The ‘property rights, contracts, force, fraud and theft’ prescriptions of the more hardcore libertarians are reflective of neoclassical economics, as they are, in fact, all that would be necessary for the world to resemble a demand-supply diagram, if the assumptions held. Unfortunately, people do not behave like robots, so they need strong political and social institutions that create trust and cohesion to engage in transactions (trust has actually been cited as a major reason for the slow growth of many developing economies). Defining property rights and fraud is also incredibly complex and open to debate, but neoclassical economics doesn’t really discuss the law in any detail, so, naturally, neither do libertarians. Furthermore, the naive idea that force, fraud and theft can just be rattled off like that ignores the fact that those 3 words basically describe the history of mankind. Again, this is simply not mentioned in textbooks.
Taxation as theft also has its roots in neoclassical framing. In neoclassical economics, the economy is presupposed as arising out of nowhere, and the government then ‘intervenes’. Taxes are a distortionary, external effect on the ‘free market’. This is analogous to the idea of the government coming along and ‘taking’ your income that pervades libertarianism (and often popular culture). This ignores the fact that pretax income is just a money flow that has arisen due to the institutions set up by government, and as a result of the way these institutions were set up. If government policy were changed, the pretax income of many would change; there is nothing inherently just about it. Furthermore, even after tax, income is far higher than if the government didn’t exist, because then the economy as we know it would not exist. The concept of taxation as theft becomes nonsensical as libertarians are forced to accept that they are privileged to be taxed.
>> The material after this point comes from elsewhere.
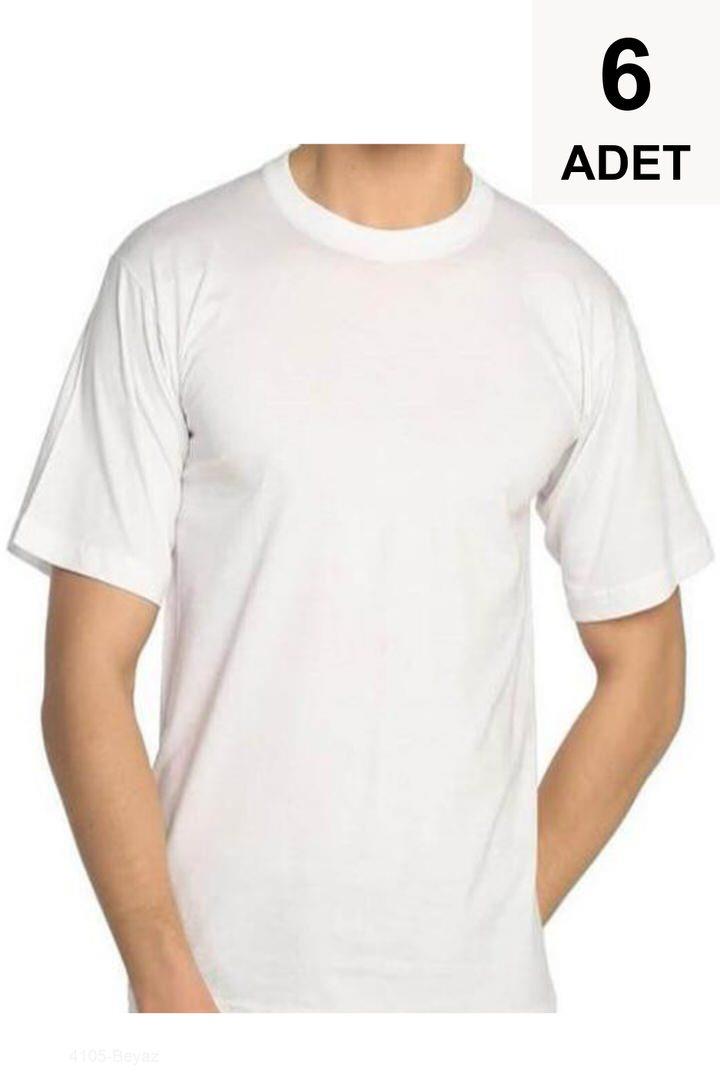 6 Adet Sıfır Yaka Erkek Fanila - Beyaz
Libertarianism completely neglects work and workers. The idea that it is a freedom maximising individualistic belief system ignores work in the exact same way neoclassical economics does – the firm is a ‘box’ where inputs go in and outcomes go out, and we don’t really look into what happens inside it, outside of various ‘marginal’ curves. Libertarianism, like neoclassical economists, is based around the notion of consumer sovereignty, and so the only way it can deal with work is simply to ignore it – the only time Libertarians discuss work are with dismissive assertions like ‘workers should negotiate their own conditions’. The problem is that this ignores power (like neoclassical economics), and the fact that capital is scarcer than labour (despite teaching this explicitly elsewhere). This means working conditions, wages and hours are not determined by individuals engaging in mutually voluntary transactions but by capital*, which naturally has more bargaining power.
How do libertarians deal with the fact that their ideology is built on highly flawed theories? By mocking the real world! Lecturing workers for not accepting pay cuts (which their theory is wrong about, incidentally), attacking institutions that conflict with their policy prescriptions, ridiculing inequality considerations as simple ‘envy‘. Furthermore, they simply implement their policies without considering the starting point, much like neoclassical economics. Effectively, they are saying that even though the world doesn’t behave like the textbooks, we should act like it does, and ridicule or ignore it when it doesn’t. Obviously, that has worked out pretty well.